BEGIN Material provided
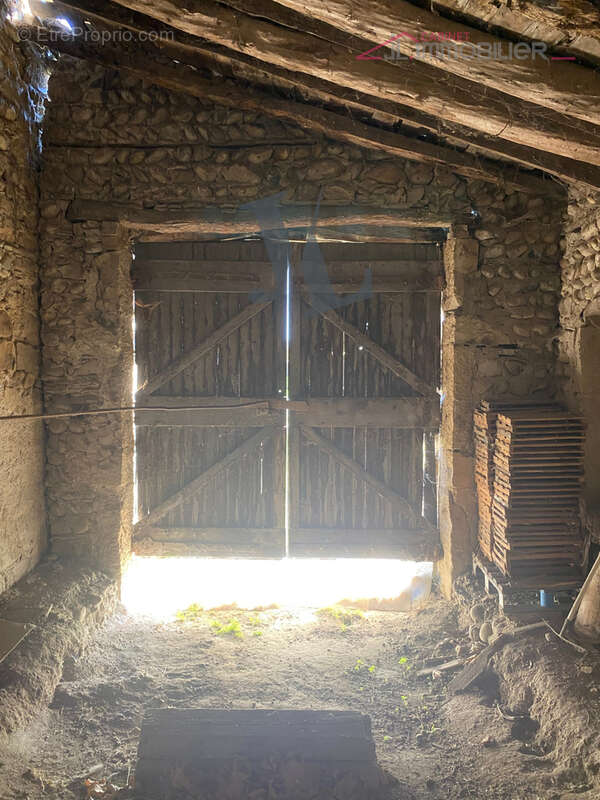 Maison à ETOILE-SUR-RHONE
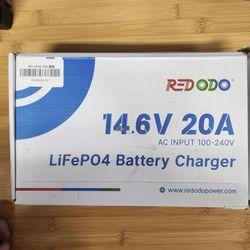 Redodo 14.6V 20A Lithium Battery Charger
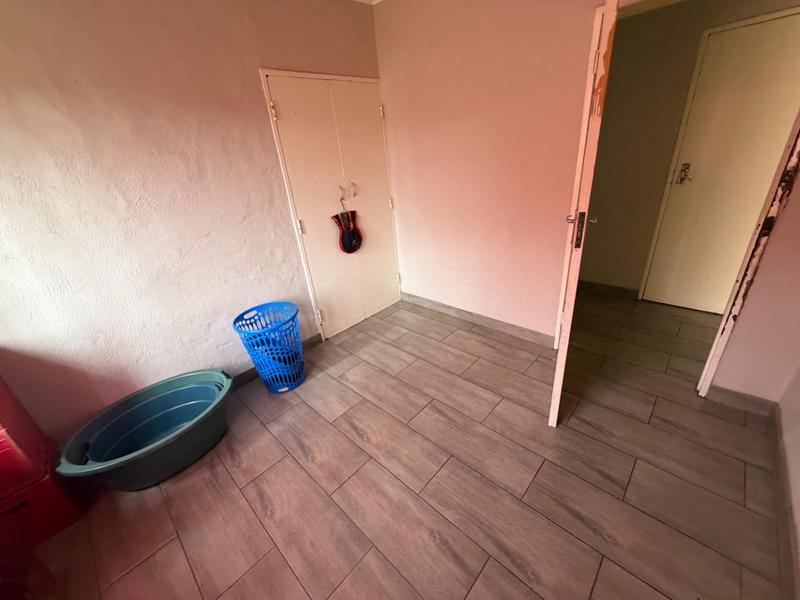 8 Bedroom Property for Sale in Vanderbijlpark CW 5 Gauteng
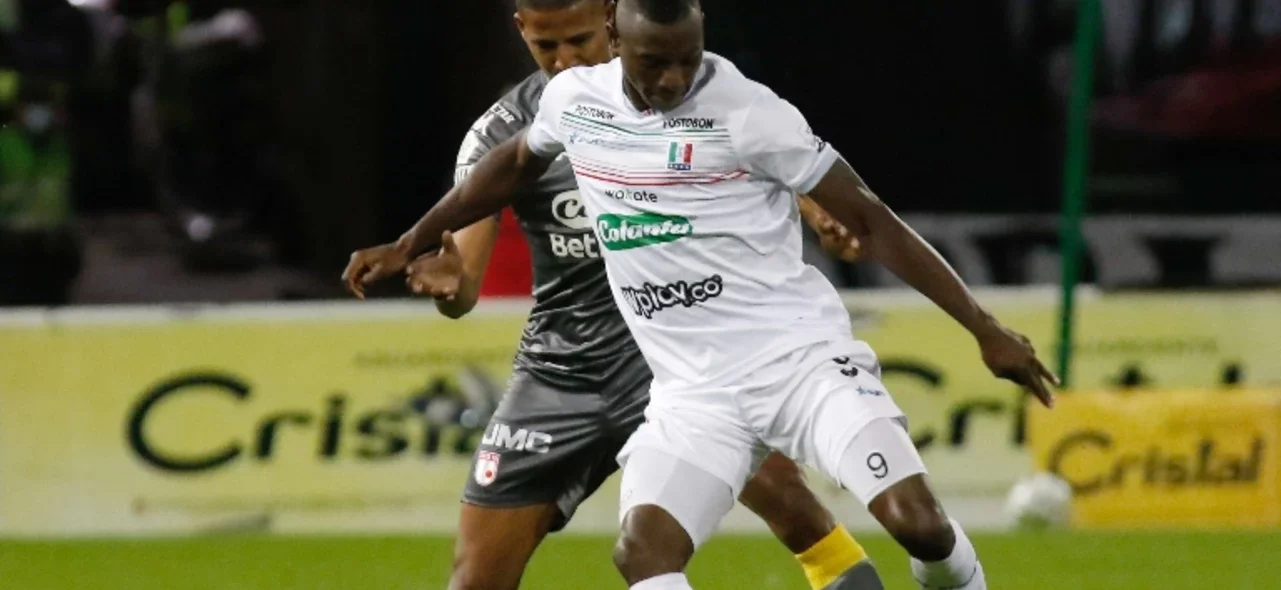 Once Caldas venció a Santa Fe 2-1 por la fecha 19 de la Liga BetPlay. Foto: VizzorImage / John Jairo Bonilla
END Material provided
[Work to be completed] After locating the line that holds "Redodo 14.6V 20A Lithium Battery Charger", output exactly the lines from it through the last line of the material above, inclusive, without pictures.

[Completed exercise]
 Redodo 14.6V 20A Lithium Battery Charger
 8 Bedroom Property for Sale in Vanderbijlpark CW 5 Gauteng
 Once Caldas venció a Santa Fe 2-1 por la fecha 19 de la Liga BetPlay. Foto: VizzorImage / John Jairo Bonilla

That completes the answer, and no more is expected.